I plan to cover the background to this sort of thing, the history, some misconceptions, what has been seen thus far (though this will be incomplete) and what will likely come from all this. Corrections and additions more than welcome, though that goes for anything I write around here (I would have thought the whole "discussion forum" would have given that away but apparently not).

*General background.*

Computers are simple devices at heart. They do one usually quite simple instruction after another and eventually (these days instructions per second is in the thousands of millions for some things, and millions was achieved years ago) you end up with your program doing something you actually want/appreciate. As programming a computer that way is a monstrous pain in any number of organs we got high level programming languages made, the N64 being one of the earlier examples of this being adopted into game consoles for widespread use with high performance games (high level stuff had existed for many years on other things).
Anyway owing to... maths (see halting problem among other things) this act of turning a high level language into the low level one the computer wants (a process called compilation -- you compile source code to make a binary that the computer runs) was historically considered a one way affair. Certainly there is no simplistic way you can turn any old random bit of code back into source like you might convert a image into another format.
With a lot of effort and the results of some seriously talented programmers, maths types and the like that one way affair is looking rather less one way for a lot of things, one of those being the C programming language which is what the N64 took to using (C++ is different and far harder for this, and used in newer devices as it has some nice abilities but enough of that). https://www.hex-rays.com/products/decompiler/ and https://github.com/radareorg/radeco if you are curious there, though it is still a field under heavy research. There is also the discussion of dynamic recompilation in emulators (though it has some applications to this in that it can produce info that guides those doing more general decompilation) which is why you had N64 emulation quite early on, and not on machines 10x as powerful as the N64 which was the traditional baseline for the power needed to achieve emulation. At the same time the code is made to run on the N64 so anything not as powerful as the N64 or too different in what its strengths are might struggle to get a port, though some seem to be going there.
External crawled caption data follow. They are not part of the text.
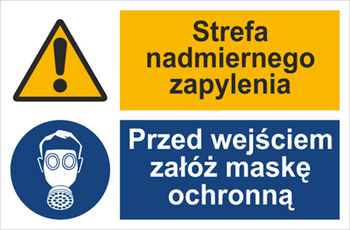 Znak Strefa nadmiernego zapylenia. Przed wejściem załóż maskę ochronną (520-07)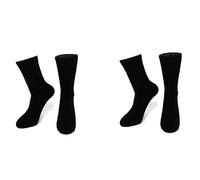 iMongol Pure Cashmere Chaussettes épaisses unisexes mi-mollet pour femme et homme par couture à la main, 2 paires, noir/noir, 4.5-9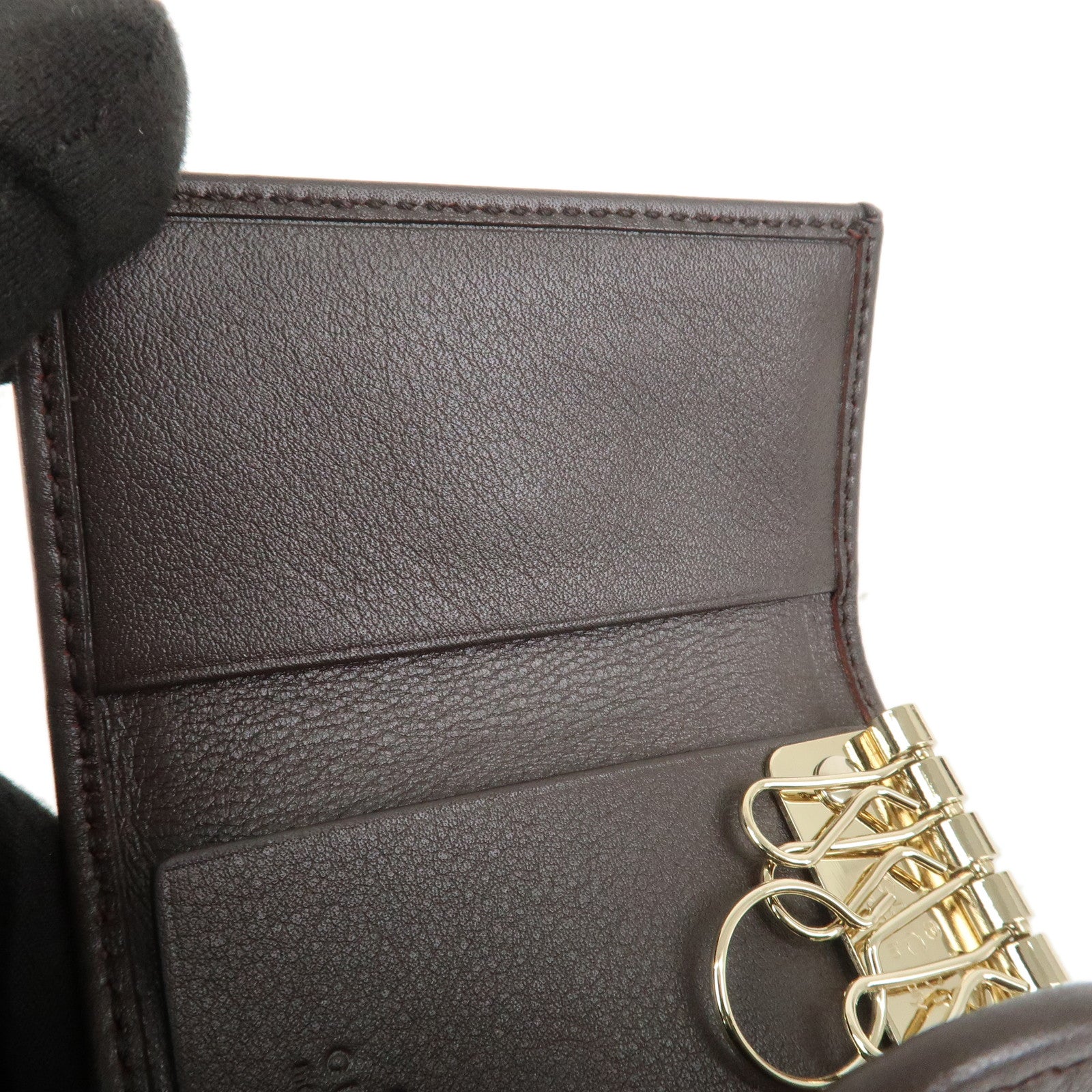 GUCCI Sukey GG Canvas Leather 6 Ring Key Case Beige Brown 282432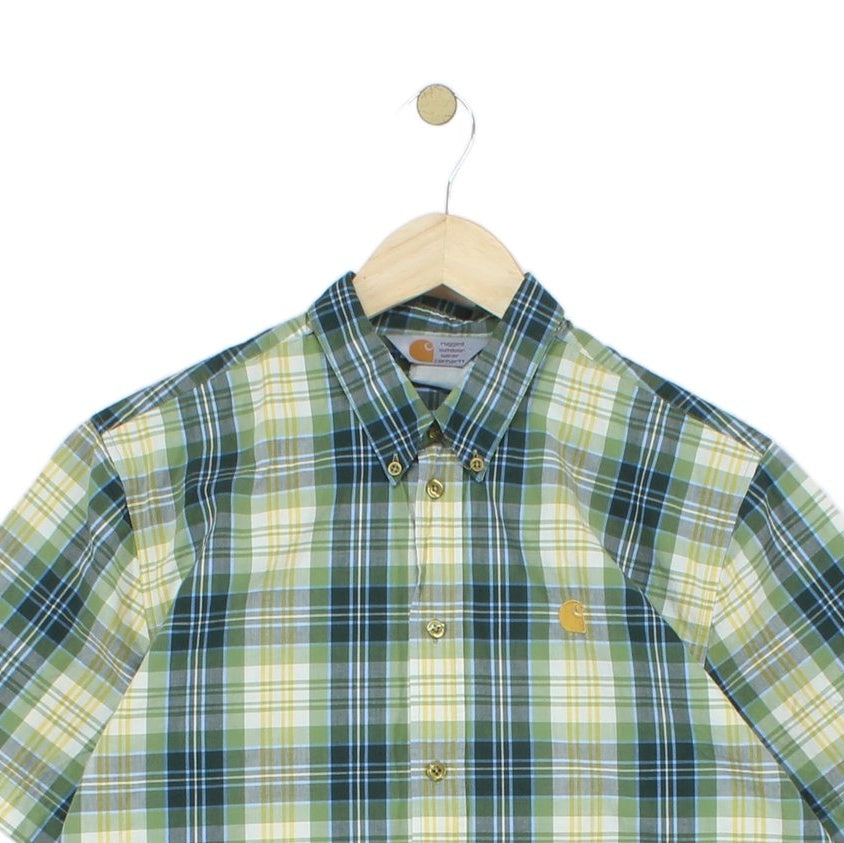 Mens Plaid Shirt Short Sleeve Button Up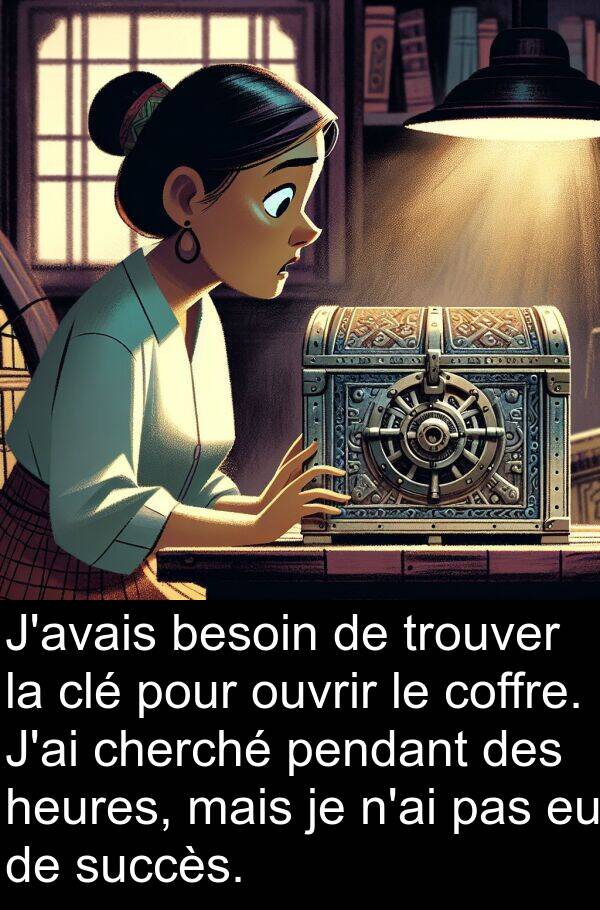 heures: J'avais besoin de trouver la clé pour ouvrir le coffre. J'ai cherché pendant des heures, mais je n'ai pas eu de succès.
Anyway seems some skilled programmers, hackers and the like teamed up to make use of these new developments in computer science to recreate the Mario 64 source code such that even though it might be different (and lacking any layout hints or comments that the original developers would have had in there). They claimed it was to help with tool assisted speedrunning, and it might well have been, but code is code and there are many other things you can do with it.
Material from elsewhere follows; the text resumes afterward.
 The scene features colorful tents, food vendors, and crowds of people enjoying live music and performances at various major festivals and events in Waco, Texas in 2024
Note this is not leaked code. It is still legally dubious to use but it is not the same as a classical leak and certainly not the same as them releasing code for people to play with. The various leaks of Nintendo code seen over the course of the last year ( https://gbatemp.net/threads/summary-of-nintendo-leaks.573873/ ) did see a version of the Mario 64 code go along with it, though this looks like an earlier beta and does include some fun things that people were looking into (the Luigi stuff you might have seen recently being among this -- https://comicbook.com/gaming/news/super-mario-64-luigi-modders-discover-code-24-years-later/ ).
I have not seen a comparison ( https://gbatemp.net/threads/anybody...4-leaked-source-and-the-decompilation.571726/ ) between them done, and nobody is likely to be using fairly late stage beta code when you have full retail available under essentially the same restrictions.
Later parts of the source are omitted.